Fifth Circuit vacates summary judgment against passenger in baggage case

Muoneke v. Air France (5th Cir. Tex. Sept. 17, 2007).  The day after her flight from Texas arrived in Nigeria, the passenger went to the airline’s lost baggage office at the airport and claimed that several items were missing from her checked baggage.  The passenger alleged that she submitted a written claim regarding the missing items during her visit to the baggage office, but the airline alleged that it had no record of having received such claim.

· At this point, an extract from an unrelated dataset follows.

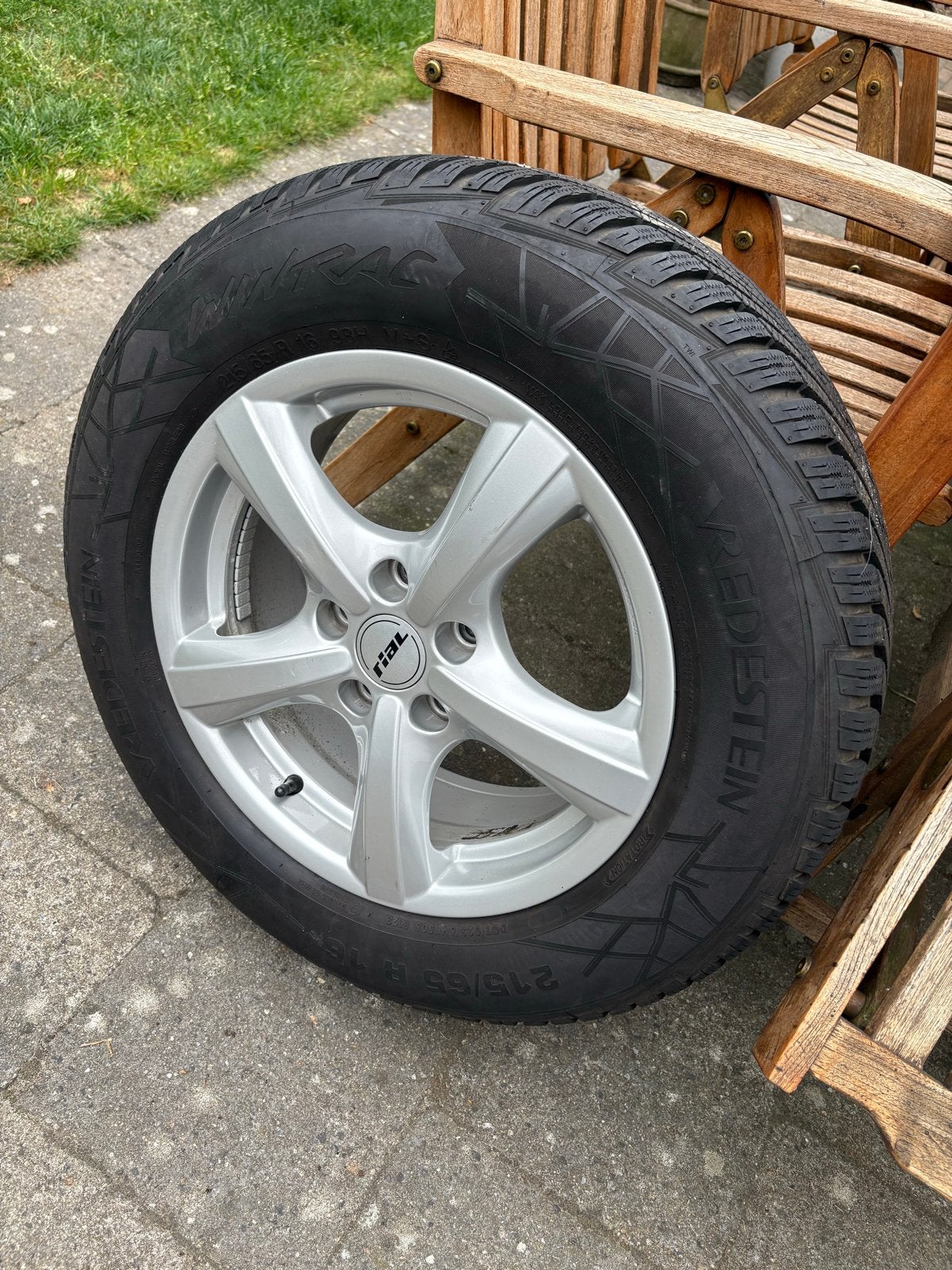 Winterbanden Vredestein 215/65 R16 op velgen, Ophalen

The passenger filed a state court lawsuit against the airline, which removed the case to federal court.  The passenger moved that the case be remanded because the amount in controversy did not exceed $75,000.  The Fifth Circuit affirmed the trial court’s denial of the remand motion, holding that because the passenger’s complaint involved the interpretation and application of a treaty – the Warsaw Convention – the trial court had federal question jurisdiction, which has no dollar-amount requirement.

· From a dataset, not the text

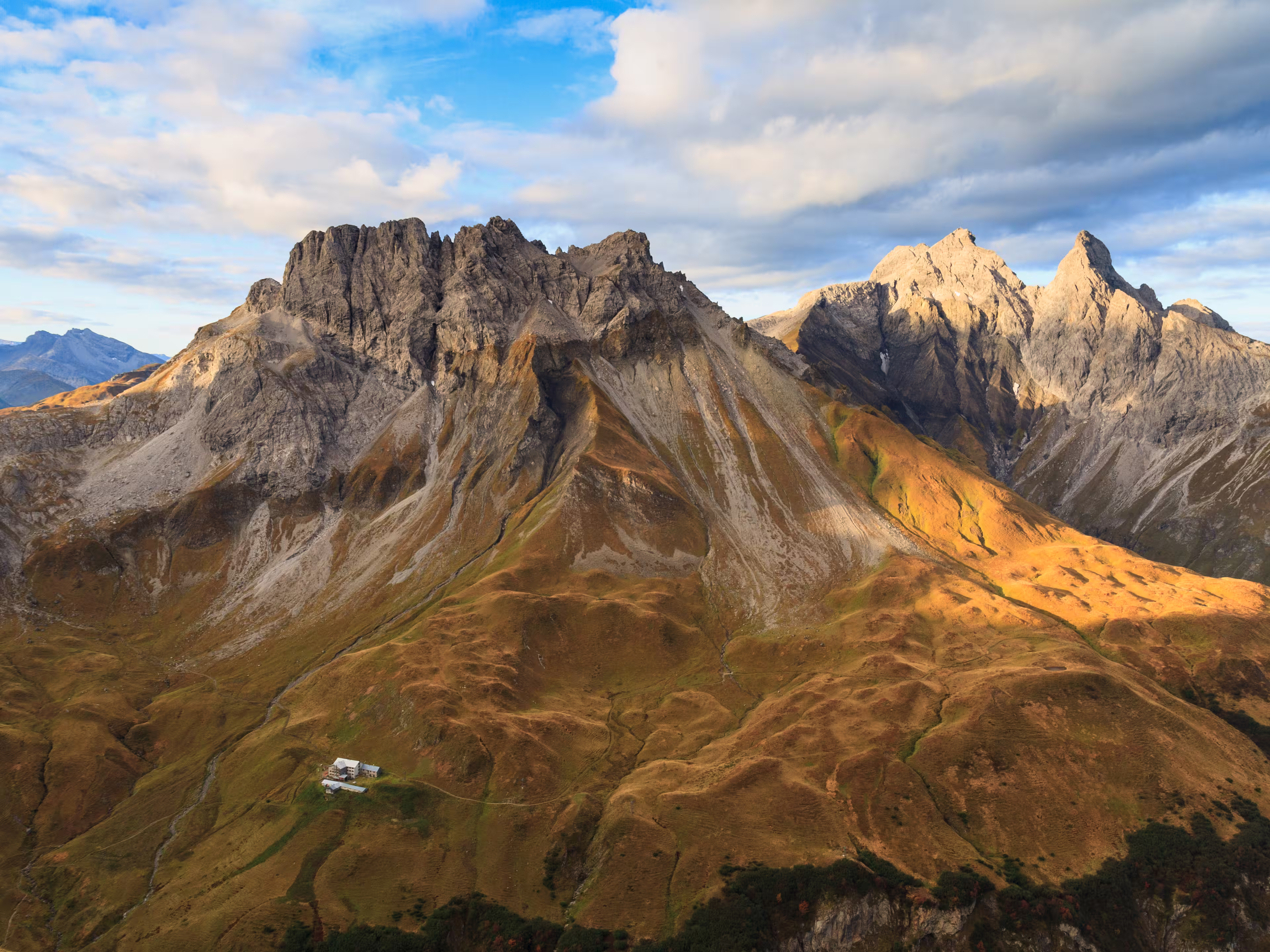 Autumn mood in the Allgäu Alps with view to the Kemptner Hütte (hut)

After the trial court denied the passenger’s remand motion, the airline moved for summary judgment on the grounds that the passenger had failed to submit a timely written claim under Article 26 of the Warsaw Convention and the airline’s contract of carriage, both of which required submission of a written claim within seven days of the passenger’s receipt of her baggage.  The Fifth Circuit vacated the trial court’s summary judgment for the airline, holding that the passenger’s submissions in opposition to the airline’s motion were sufficient to create a genuine issue of material fact as to whether she had submitted a written claim.

Note:  The Warsaw Convention and its successor, the Montreal Convention, impose time limits for submitting written claims for baggage and cargo damage and delay but not for loss.  However, neither Convention prohibits airlines from imposing their own time limits for submitting written loss claims (see, e.g., Khan v. Singapore Airlines, Ltd. (9th Cir. 1997)), and airlines typically impose such limits through their conditions of carriage.  Courts usually regard the delivery of baggage with some items missing, as occurred in the above case, as baggage damage rather than loss for purposes of Article 26.  See Maro Leather Co. v. Aerolineas Argentinas (N.Y.A.D. 1988).